Nearly nine years had passed since young Quincy's birth, and Alice was still at Fernborough Hall. She could not leave it now, for Aunt Ella was again a widow. Her mind was troubled about her boy. He had recurrent attacks of throat trouble, and was not strong as she wished him to be.
“It's the damp, foggy weather,” said Aunt Ella. “We're too near the water, and this country, beautiful as it is, is not like our bright America.”
Dr. Parshefield suggested a trip to the South of France, but Alice declared that was impossible.
“Something must be done—now what shall it be?” was Aunt Ella's declaration and inquiry. Then Alice remembered what Maude had said in one of her letters—that young Quincy should be brought up as an American. She spoke to Aunt Ella about the matter, repeating what Maude had written.
“Where could we send him?”
“Thewhereis not so important” Aunt Ella remarked, “as theto whom. Florence and Maude are both out of the question for they have young children of their own who might, or might not, take to an outsider. Quincy's mother would be delighted to have him for he is her son's son, but Boston, with its east winds would be no better than here. Besides, his grandfather would say that he'd raised one family of disobedient children and he wanted a quiet life.”
The question remained unsettled that day, but the next morning Aunt Ella burst into Alice's room with a loud cry—
“Eureka! I have it! Why didn't we think of it before?”
“You say you have it,” said Alice, “but what is it? That pattern that you were looking for?”
“No, a happy home for this youngster,” as she patted his curly head lovingly.
“Now, can't you guess?”
Alice shook her head.
“Well, I must say, you are not a very thoughtfulsister,” and the last word was strongly emphasized.
“What, do you mean—'Zekiel?” cried Alice.
“The very man, and Fernborough is the place. You must write to your brother at once.”
As Alice was writing the thought came to her, “Perhaps if my boy goes to Fernborough, some day I may go to see him, and the old town, and the people there, once more.”
In due time a reply came from 'Zekiel. It was short, but to the point. “Huldy will be delighted to have him. Our boy Quincy is nearly fourteen years old now and he'll take good care of his little cousin. I'll try and be a father to him until you come for him.”
The important question, “How was the boy to reach America?” was answered by one of those happy coincidences which happen often in books and occasionally in real life, such as is being depicted. The Rev. Mr. Gay, who had been a constant visitor to Uncle Ike during his last days, paid a visit to Fernborough Hall on his return from a trip to the Holy Land.

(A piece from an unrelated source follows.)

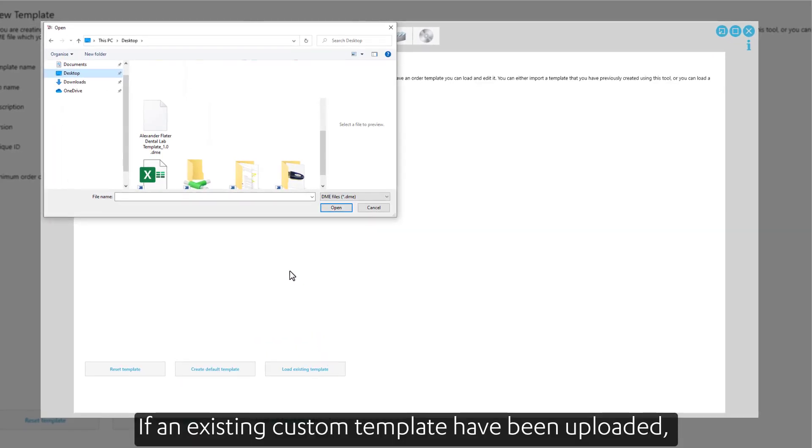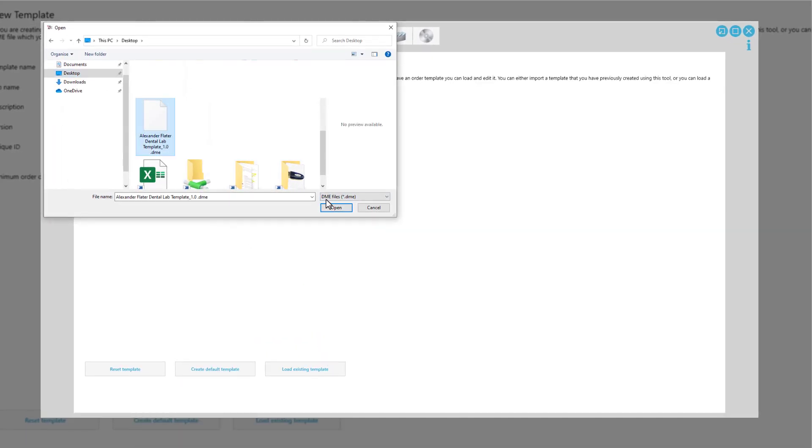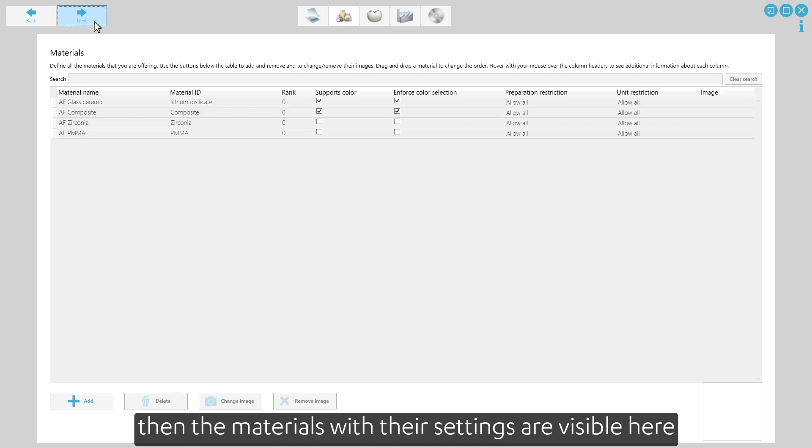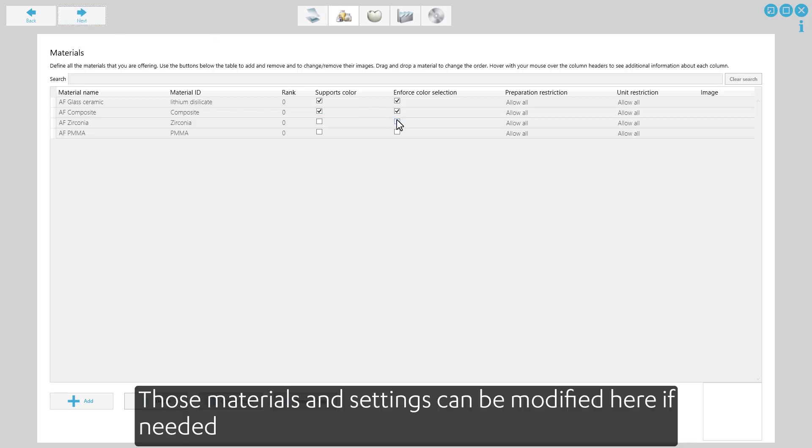If an existing custom template has been uploaded, then the materials with their settings are visible here. Those materials and settings can be modified here if needed.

“Heaven must have sent you,” said Alice, and she told him of her desire to have her boy go to Fernborough.
Mr. Gay consented to take charge of young Quincy. In a few days the parting came. The mother's heart was sorely tried. But mother-love is unselfish, and Alice's only consolation came from the conviction that her temporary loss was for her son's permanent good.
Her nights were sleepless, filled with thoughts of accidents, and storms and collisions at sea, until a welcome letter dispelled her imaginings, for it brought the intelligence that young Quincy was safe with his father's friends.